WHAT THIS TASK INVOLVES
Retype, please, the listing from its opening line through the line that contains "Creative Stainless Steel", both included, without the pictures.

SUPPLIED MATERIAL
- - -

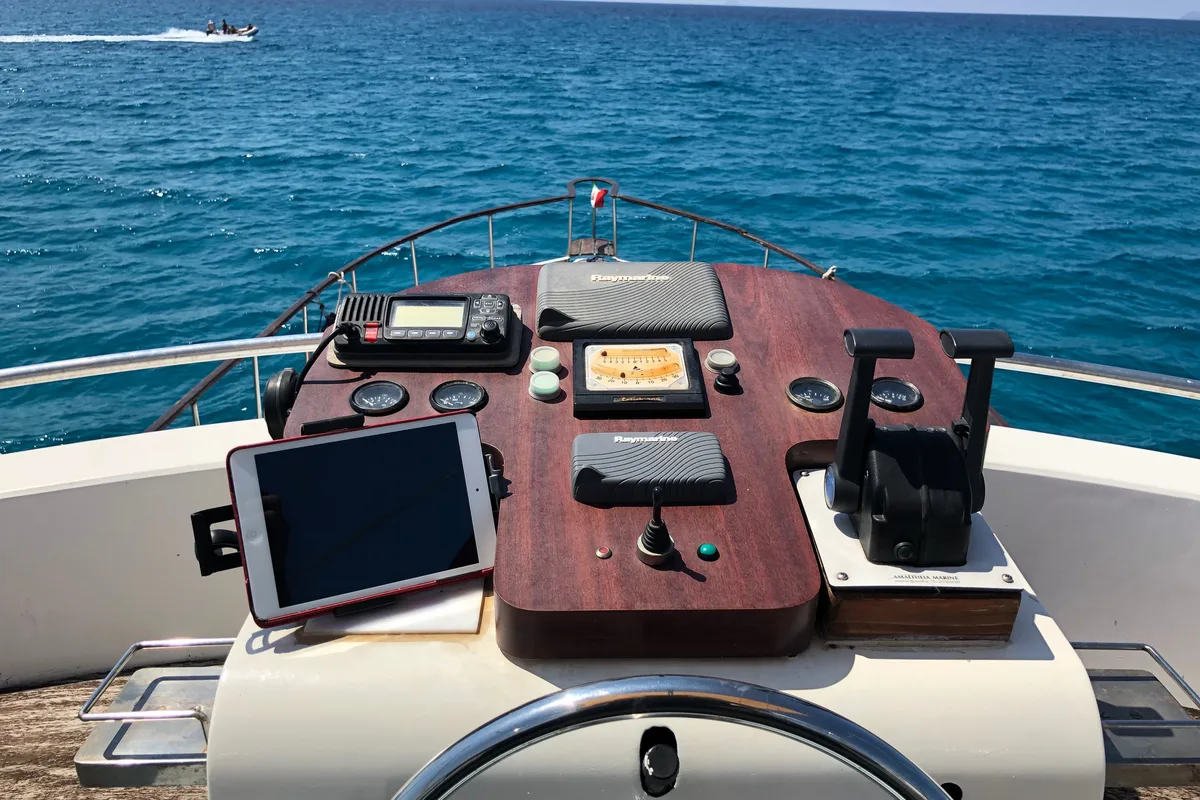 Cockpit of Dreamaway, a Gulet Waverunner 55 yacht at Olbia, Italy
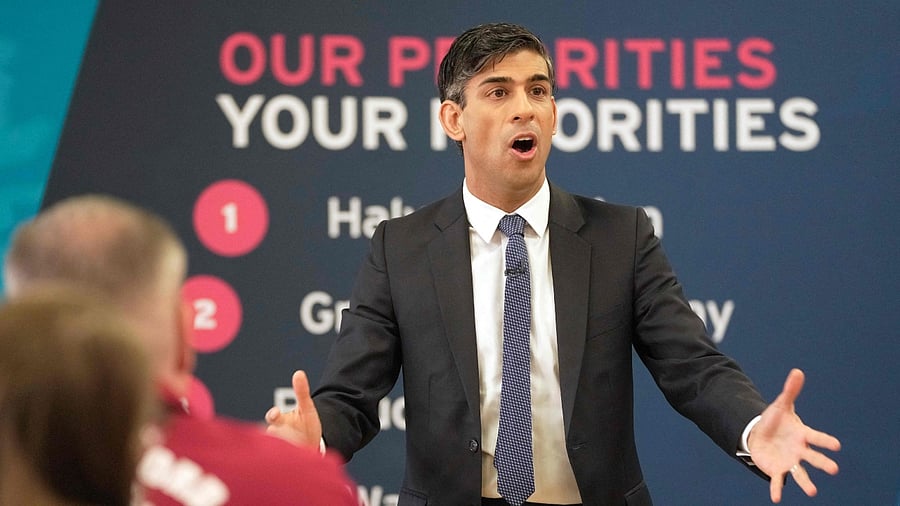 Britain's Prime Minister Rishi Sunak. Credit: AFP Photo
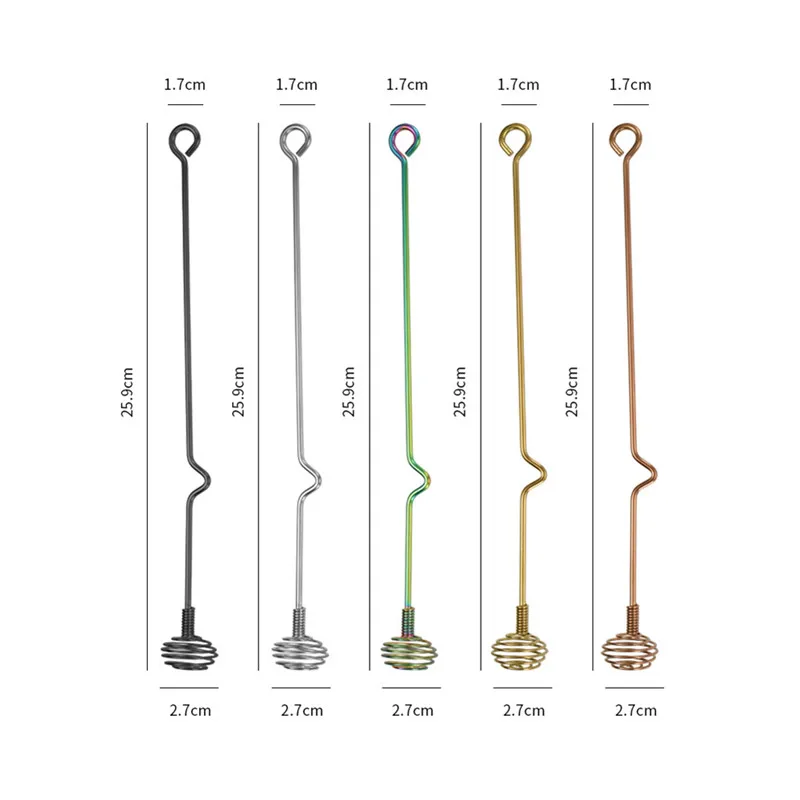 Creative Stainless Steel Cocktail Stirring Stick Long Handle Drink Milk Coffee Honey Whisks Rod Bartender Tools Bar Accessories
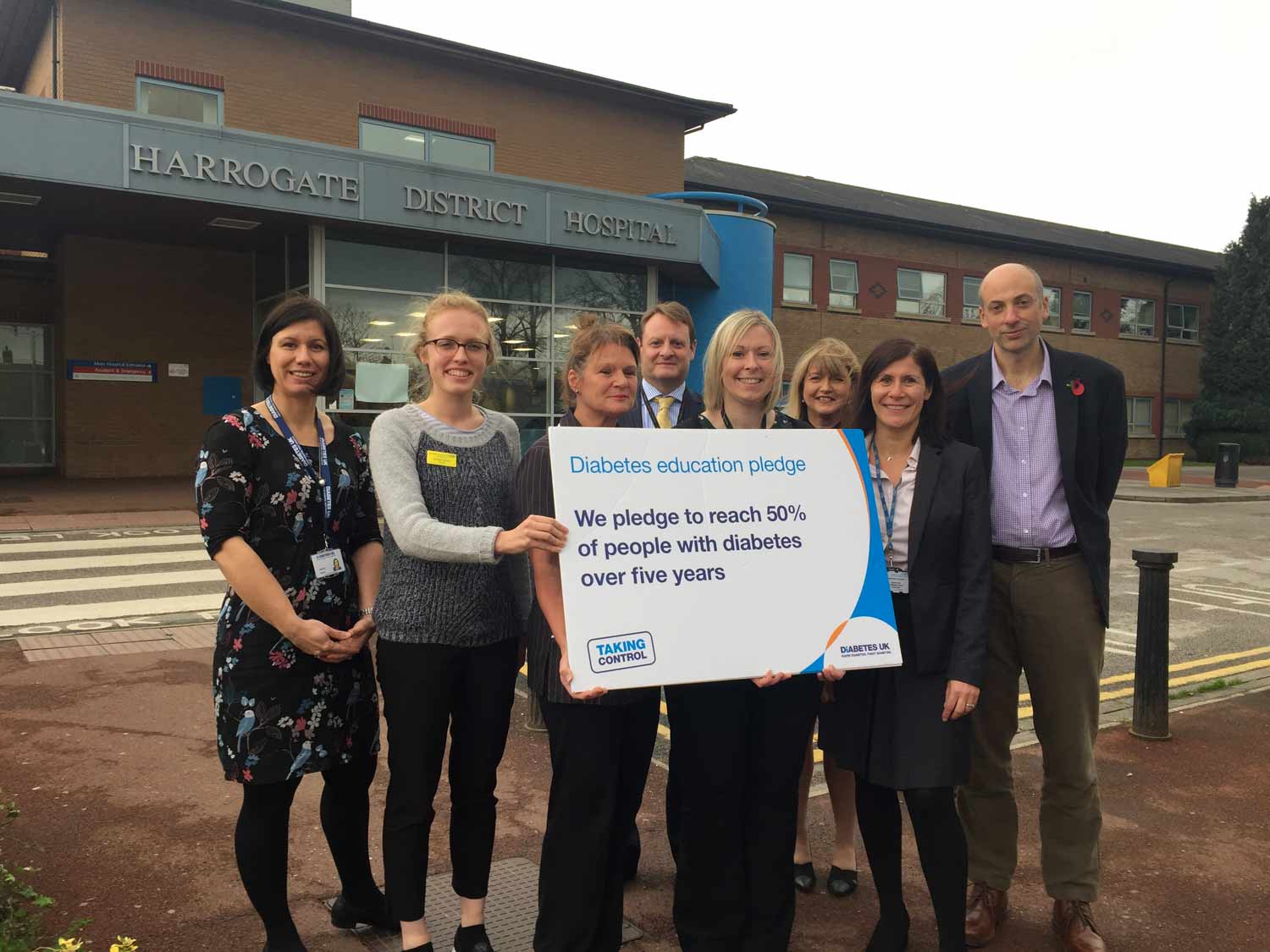 From left- Rachel Martin Improving Care Manager at Diabetes UK, Jemma Escreet, Dietitian, Harrogate and District NHS Foundation Trust (HDFT), Janet Carling, Lead Diabetes Specialist Nurse, HDFT, Andrew Alldred, Clinical Director, Long Term and Unscheduled Care, HDFT, Jodie Roberts, General Manager for Long Term Conditions, Elderly Care and Community Services, HDFT, Wendy Balmain, Director of Transformation and Delivery at Harrogate CCG, Suzanne Savage, Commissioning Manager and Dr Bruce Willoughby, Governing Body GP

- - -

RESULT
 Cockpit of Dreamaway, a Gulet Waverunner 55 yacht at Olbia, Italy
 Britain's Prime Minister Rishi Sunak. Credit: AFP Photo
 Creative Stainless Steel Cocktail Stirring Stick Long Handle Drink Milk Coffee Honey Whisks Rod Bartender Tools Bar Accessories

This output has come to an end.